Sport: Back to the Tables
Looking like a morose but determined bantam rooster, small (5 ft. 2½ in.) Chess Grand Master Sam Reshevsky walked to the center of the crowded game room at Washington's Jewish Community Center. He acknowledged the applause with a faint smile, then turned to face the 42 opponents who were waiting for him. It was exactly 8 p.m. By midnight he had beaten 32 of his brooding opponents, fought the rest to a clucking draw.

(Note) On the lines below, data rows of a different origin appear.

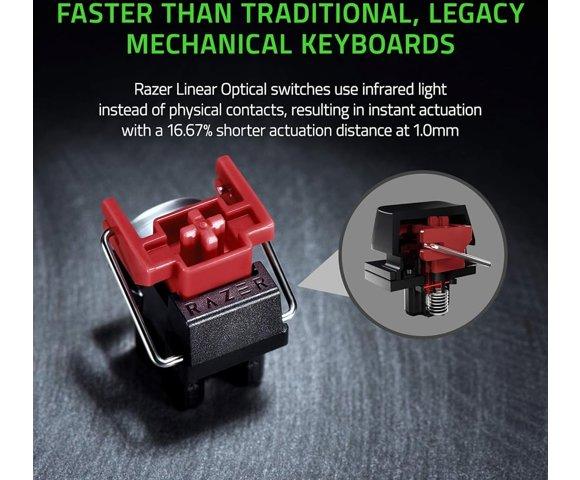 RAZER Huntsman Mini (Linear Optical Switch) tastatura - slika 6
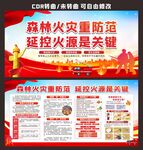 预防森林火灾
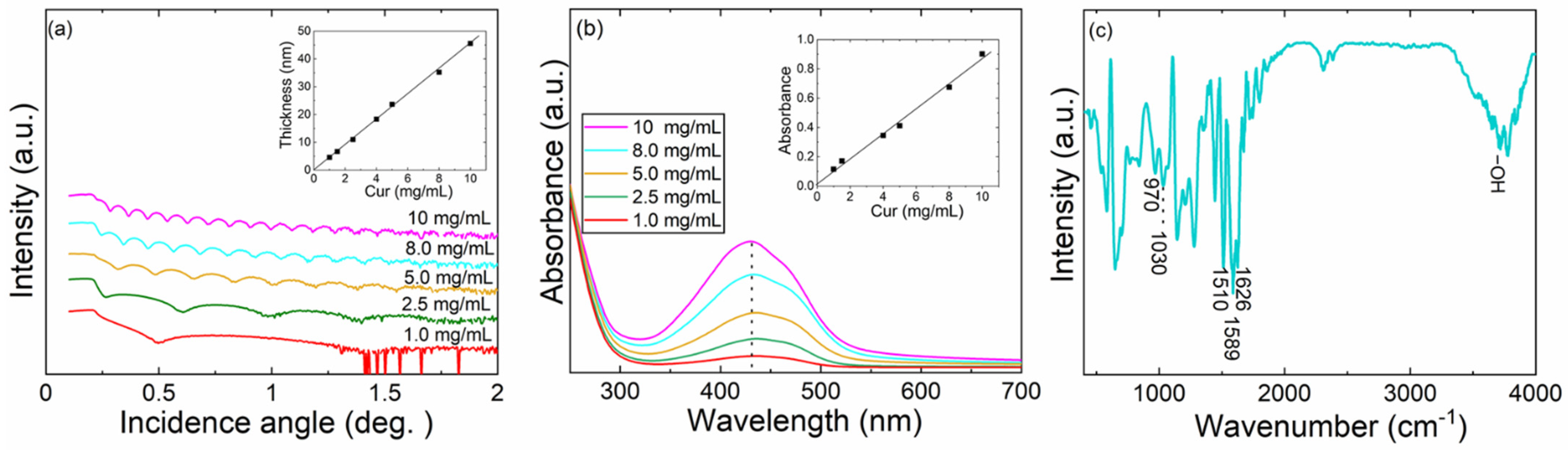 Molecules 26 03214 g002 Molecules 26 03214 g002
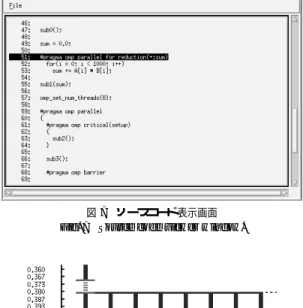 図 8 パラレルリージョン表示 Fig. 8 Visualization of a parallel region.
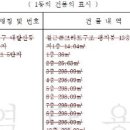 부동산 경매 권리분석방법 및 등기부등본 확인 이미지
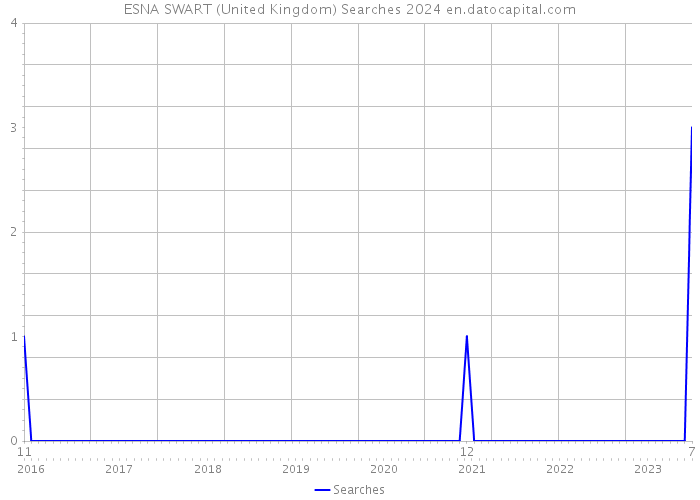 ESNA SWART (United Kingdom) Searches 2024 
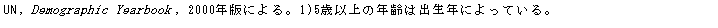 eLXg {bNX: UN, Demographic Yearbook, 2000NłɂB1)5Έȏ̔N͏oNɂĂB
                                                                                                                 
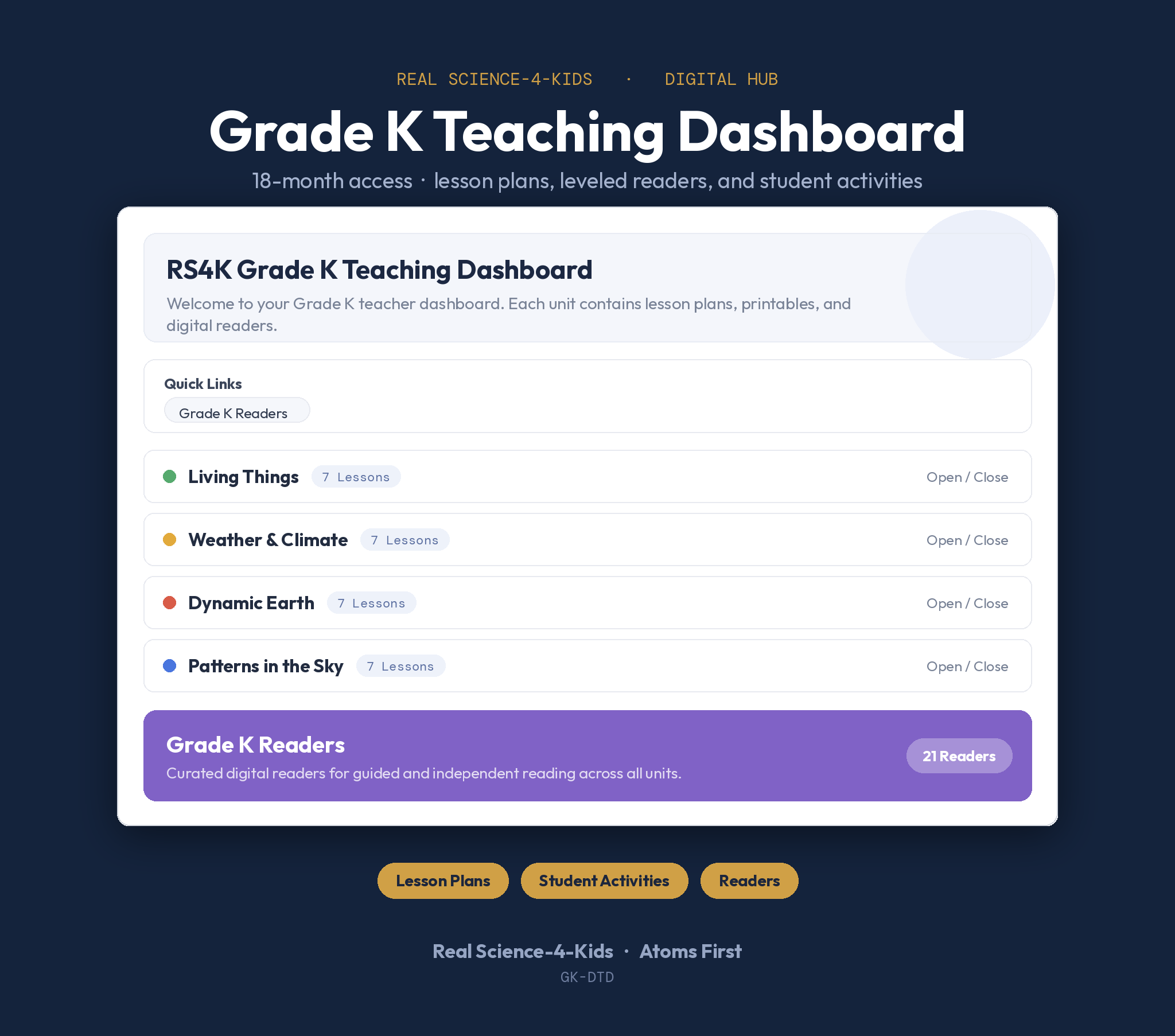 Grade K Teaching Dashboard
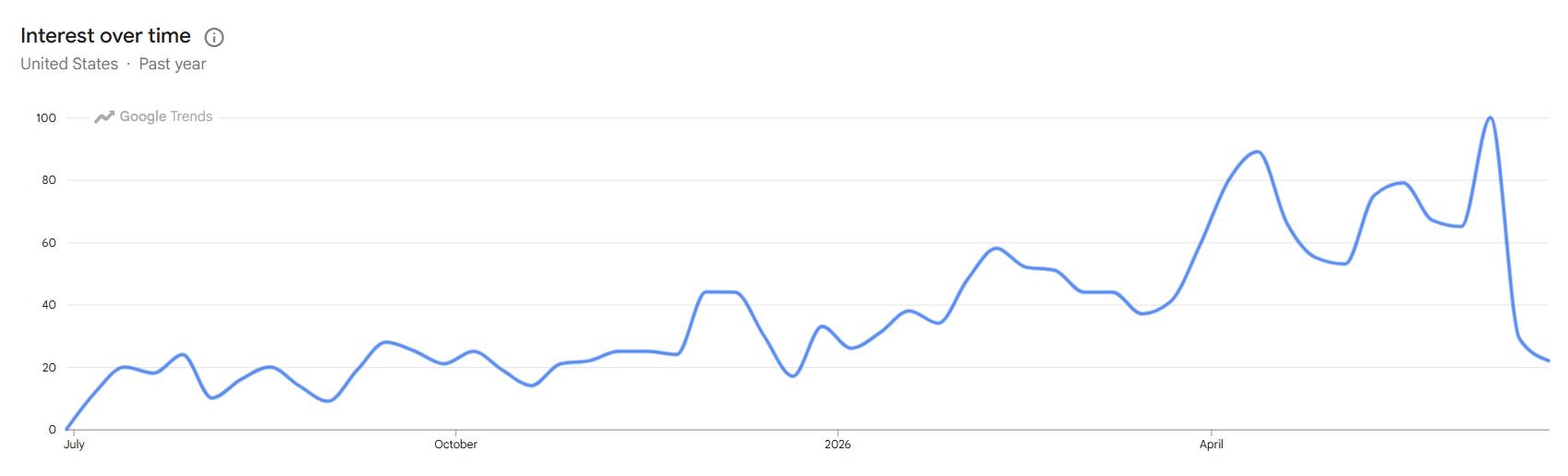 Fitness & Home Sports Equipment Trend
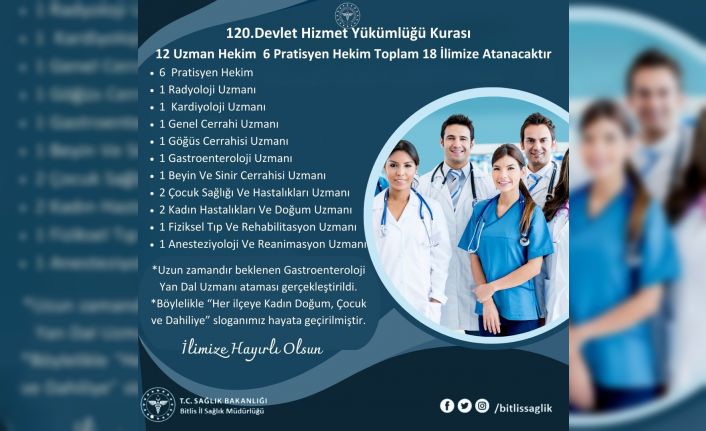 Bitlis’e 12’si uzman 18 doktor ataması yapıldı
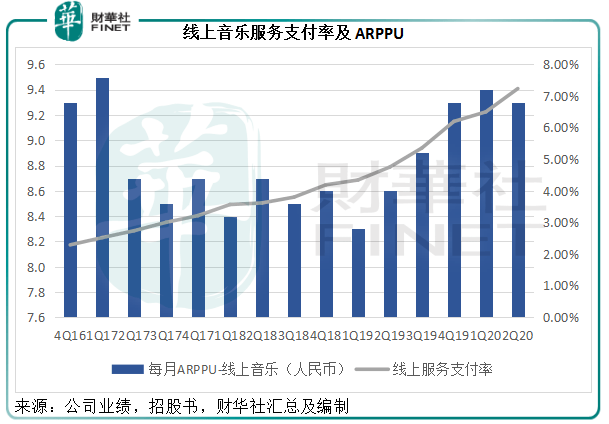 护城河|【窥业绩】版权护城河的背后 “后浪”能支撑腾讯音乐的未来吗？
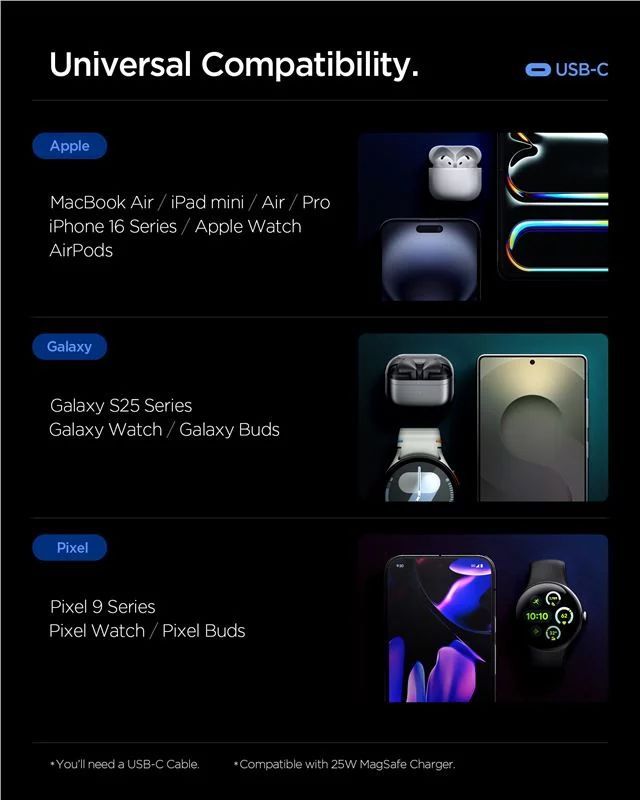 Spigen Essential 67W Wall Charger Black Spigen Essential 67W Wall Charger Black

Such mass chess fights were an old story to taciturn, 38-year-old, Polish-born Sammy Reshevsky. When he was nine, and a newcomer to the U.S., he had taken on the 20 best chessers at West Point simultaneously and beaten them all. He has competed for the U.S. championship six times since then, and won it each time.
Last week Sammy was taking on all comers. In the next six weeks, as Sammy made a coast-to-coast tour of 30-odd U.S. and Canadian cities, anyone with $2 and sufficient brass could have a go at him. In a really busy session, Sammy estimates that he trots 15 to 20 miles to make an average of 20 to 60 moves on each board. He likes to knock off 40 at a time, although recently at Germantown, Pa. he faced 75 in one evening.
If he makes enough on his tour, Sammy hopes to give up his job as a Manhattan accountant and become one of the first full-time U.S. chess pros. And he might decide to enter the U.S. biennial championship tournament this year, might even go to Russia, to challenge World Chess Champion Mikhail Botvinnik.
Sammy has two children, 7 and 2. They don't play chess; they like dolls and teddy bears.